From the listing below, copy only the lines running from the line that contains "High Polished 4mm" to the line that contains "304 3JB05AE HP", both included.
Data to examine: Begin
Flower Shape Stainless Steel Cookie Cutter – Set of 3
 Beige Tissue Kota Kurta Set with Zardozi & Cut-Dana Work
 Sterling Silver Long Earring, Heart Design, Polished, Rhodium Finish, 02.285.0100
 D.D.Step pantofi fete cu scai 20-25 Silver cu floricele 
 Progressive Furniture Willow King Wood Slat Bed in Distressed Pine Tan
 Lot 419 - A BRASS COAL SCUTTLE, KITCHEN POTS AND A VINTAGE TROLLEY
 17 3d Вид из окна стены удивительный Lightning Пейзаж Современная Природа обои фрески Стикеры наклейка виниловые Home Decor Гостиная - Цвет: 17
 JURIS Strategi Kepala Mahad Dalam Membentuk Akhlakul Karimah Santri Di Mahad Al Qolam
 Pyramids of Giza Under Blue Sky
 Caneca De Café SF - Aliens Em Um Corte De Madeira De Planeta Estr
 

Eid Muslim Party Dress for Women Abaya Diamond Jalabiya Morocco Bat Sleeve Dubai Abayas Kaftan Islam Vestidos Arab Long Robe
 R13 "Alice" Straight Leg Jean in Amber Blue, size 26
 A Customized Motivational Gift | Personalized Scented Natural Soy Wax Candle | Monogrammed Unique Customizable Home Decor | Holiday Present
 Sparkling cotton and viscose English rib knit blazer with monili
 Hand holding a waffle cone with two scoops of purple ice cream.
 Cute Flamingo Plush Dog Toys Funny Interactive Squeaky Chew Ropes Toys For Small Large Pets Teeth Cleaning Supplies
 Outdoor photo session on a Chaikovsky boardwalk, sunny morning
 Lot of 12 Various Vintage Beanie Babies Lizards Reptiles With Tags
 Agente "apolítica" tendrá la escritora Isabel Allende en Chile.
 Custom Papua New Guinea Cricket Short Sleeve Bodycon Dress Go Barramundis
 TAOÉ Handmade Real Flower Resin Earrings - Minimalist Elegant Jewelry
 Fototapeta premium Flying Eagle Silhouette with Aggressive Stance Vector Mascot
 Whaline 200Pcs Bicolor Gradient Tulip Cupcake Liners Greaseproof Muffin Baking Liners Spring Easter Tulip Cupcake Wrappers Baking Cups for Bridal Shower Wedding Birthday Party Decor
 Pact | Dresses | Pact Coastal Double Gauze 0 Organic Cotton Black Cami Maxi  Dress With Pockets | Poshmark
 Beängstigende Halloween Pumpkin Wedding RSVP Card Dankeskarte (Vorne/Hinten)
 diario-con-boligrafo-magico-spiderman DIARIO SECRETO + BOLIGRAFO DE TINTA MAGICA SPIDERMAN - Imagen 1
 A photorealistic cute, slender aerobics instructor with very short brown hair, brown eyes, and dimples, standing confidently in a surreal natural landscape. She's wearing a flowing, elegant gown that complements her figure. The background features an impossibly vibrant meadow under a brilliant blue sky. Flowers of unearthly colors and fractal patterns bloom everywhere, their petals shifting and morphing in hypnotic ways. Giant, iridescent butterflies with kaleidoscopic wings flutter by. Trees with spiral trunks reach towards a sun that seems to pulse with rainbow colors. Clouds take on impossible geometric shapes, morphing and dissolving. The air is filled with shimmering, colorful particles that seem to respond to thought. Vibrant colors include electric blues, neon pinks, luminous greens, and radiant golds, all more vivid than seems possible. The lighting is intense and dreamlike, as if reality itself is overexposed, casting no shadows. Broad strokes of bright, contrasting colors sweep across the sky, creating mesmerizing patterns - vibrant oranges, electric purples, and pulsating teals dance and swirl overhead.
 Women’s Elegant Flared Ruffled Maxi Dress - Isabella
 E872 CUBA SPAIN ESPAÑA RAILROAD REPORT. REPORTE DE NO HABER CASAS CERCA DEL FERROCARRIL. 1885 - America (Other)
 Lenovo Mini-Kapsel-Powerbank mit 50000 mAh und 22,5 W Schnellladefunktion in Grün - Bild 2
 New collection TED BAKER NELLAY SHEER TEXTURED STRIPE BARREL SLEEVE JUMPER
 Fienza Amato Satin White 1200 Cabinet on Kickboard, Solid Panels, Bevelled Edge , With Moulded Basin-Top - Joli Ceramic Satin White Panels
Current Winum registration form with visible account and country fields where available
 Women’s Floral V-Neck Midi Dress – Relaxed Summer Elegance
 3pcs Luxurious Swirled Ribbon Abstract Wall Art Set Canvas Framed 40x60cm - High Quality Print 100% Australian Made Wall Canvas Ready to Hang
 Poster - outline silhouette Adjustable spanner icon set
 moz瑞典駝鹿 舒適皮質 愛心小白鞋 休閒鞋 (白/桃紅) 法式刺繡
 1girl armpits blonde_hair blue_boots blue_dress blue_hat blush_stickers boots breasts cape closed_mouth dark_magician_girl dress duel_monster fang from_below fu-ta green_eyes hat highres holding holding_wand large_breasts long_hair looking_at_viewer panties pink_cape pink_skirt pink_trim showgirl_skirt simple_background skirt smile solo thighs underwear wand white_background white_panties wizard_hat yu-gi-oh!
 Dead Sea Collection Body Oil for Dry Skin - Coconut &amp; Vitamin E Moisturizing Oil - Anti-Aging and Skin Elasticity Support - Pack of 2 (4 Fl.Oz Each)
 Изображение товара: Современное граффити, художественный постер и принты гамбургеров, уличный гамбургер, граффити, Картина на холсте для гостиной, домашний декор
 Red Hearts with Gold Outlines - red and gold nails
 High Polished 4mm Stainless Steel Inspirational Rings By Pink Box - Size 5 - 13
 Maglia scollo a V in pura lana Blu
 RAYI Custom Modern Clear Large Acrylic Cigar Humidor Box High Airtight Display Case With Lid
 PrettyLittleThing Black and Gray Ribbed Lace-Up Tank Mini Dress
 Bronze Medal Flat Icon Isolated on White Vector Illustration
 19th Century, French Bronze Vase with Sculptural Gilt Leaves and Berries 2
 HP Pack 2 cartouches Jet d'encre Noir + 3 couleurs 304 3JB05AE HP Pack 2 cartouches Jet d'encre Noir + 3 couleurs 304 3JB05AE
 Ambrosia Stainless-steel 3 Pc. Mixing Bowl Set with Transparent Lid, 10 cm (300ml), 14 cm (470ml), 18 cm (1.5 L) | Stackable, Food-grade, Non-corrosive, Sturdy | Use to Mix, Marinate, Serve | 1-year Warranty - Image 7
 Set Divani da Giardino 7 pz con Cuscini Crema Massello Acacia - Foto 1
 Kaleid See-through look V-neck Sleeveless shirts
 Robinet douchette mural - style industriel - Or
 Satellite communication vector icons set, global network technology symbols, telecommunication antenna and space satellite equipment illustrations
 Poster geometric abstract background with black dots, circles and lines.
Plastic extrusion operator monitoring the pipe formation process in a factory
Data to examine: End
• Exercise answer
 High Polished 4mm Stainless Steel Inspirational Rings By Pink Box - Size 5 - 13
 Maglia scollo a V in pura lana Blu
 RAYI Custom Modern Clear Large Acrylic Cigar Humidor Box High Airtight Display Case With Lid
 PrettyLittleThing Black and Gray Ribbed Lace-Up Tank Mini Dress
 Bronze Medal Flat Icon Isolated on White Vector Illustration
 19th Century, French Bronze Vase with Sculptural Gilt Leaves and Berries 2
 HP Pack 2 cartouches Jet d'encre Noir + 3 couleurs 304 3JB05AE HP Pack 2 cartouches Jet d'encre Noir + 3 couleurs 304 3JB05AE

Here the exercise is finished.